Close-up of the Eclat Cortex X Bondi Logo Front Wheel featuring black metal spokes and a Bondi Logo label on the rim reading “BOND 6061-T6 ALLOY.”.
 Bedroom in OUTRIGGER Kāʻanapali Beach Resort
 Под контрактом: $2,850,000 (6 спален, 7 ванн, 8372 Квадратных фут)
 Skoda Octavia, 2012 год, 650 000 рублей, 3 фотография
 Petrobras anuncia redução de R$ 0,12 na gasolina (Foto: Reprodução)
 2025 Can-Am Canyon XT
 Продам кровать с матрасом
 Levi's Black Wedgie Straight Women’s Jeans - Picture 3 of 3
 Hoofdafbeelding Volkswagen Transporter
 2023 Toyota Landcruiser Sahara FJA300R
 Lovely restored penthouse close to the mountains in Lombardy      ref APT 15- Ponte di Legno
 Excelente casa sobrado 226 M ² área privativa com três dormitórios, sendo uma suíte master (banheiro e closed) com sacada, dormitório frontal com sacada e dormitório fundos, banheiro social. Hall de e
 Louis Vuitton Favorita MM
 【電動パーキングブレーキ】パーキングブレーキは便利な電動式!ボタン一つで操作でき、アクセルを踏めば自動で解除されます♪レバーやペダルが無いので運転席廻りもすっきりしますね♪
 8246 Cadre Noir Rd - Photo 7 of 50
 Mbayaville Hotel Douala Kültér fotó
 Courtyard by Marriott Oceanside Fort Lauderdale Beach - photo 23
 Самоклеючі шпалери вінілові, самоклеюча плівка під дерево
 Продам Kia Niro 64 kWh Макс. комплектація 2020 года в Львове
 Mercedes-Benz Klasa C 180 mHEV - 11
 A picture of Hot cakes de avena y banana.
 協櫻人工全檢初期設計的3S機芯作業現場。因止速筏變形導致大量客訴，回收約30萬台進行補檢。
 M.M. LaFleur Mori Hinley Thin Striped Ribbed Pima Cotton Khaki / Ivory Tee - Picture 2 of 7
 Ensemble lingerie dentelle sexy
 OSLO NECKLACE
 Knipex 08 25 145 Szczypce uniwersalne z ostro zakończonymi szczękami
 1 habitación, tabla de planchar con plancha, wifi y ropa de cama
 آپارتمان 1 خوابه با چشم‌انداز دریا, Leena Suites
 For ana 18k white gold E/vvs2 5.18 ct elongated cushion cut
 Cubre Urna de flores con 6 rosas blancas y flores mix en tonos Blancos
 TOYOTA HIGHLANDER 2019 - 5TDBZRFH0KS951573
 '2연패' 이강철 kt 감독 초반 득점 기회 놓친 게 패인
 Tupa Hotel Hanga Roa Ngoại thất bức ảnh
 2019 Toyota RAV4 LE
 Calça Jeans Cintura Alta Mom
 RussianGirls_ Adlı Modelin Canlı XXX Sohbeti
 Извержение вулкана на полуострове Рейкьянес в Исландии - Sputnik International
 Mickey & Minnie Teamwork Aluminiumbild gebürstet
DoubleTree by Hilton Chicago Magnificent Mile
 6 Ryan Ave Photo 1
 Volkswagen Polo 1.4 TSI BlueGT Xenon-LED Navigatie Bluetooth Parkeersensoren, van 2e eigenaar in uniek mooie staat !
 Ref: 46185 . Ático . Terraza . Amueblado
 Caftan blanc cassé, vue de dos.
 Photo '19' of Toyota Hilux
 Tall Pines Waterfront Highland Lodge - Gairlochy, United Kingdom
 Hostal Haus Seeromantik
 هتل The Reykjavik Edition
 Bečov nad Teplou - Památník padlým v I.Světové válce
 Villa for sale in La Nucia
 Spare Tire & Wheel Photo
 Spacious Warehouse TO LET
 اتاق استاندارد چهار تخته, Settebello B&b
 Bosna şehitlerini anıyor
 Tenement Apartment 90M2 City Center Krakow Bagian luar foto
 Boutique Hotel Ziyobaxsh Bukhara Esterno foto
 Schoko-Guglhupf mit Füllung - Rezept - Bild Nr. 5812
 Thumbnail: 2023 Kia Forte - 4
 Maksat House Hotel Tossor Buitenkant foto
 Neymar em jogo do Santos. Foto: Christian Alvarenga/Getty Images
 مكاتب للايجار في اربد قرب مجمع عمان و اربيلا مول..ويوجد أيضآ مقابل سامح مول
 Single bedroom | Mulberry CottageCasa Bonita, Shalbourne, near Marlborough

========

TASK TO CARRY OUT:
All that is wanted is the line with "Boutique Hotel Ziyobaxsh" and every later line in the entries, reproduced exactly.

ANSWER SPACE:
 Boutique Hotel Ziyobaxsh Bukhara Esterno foto
 Schoko-Guglhupf mit Füllung - Rezept - Bild Nr. 5812
 Thumbnail: 2023 Kia Forte - 4
 Maksat House Hotel Tossor Buitenkant foto
 Neymar em jogo do Santos. Foto: Christian Alvarenga/Getty Images
 مكاتب للايجار في اربد قرب مجمع عمان و اربيلا مول..ويوجد أيضآ مقابل سامح مول
 Single bedroom | Mulberry CottageCasa Bonita, Shalbourne, near Marlborough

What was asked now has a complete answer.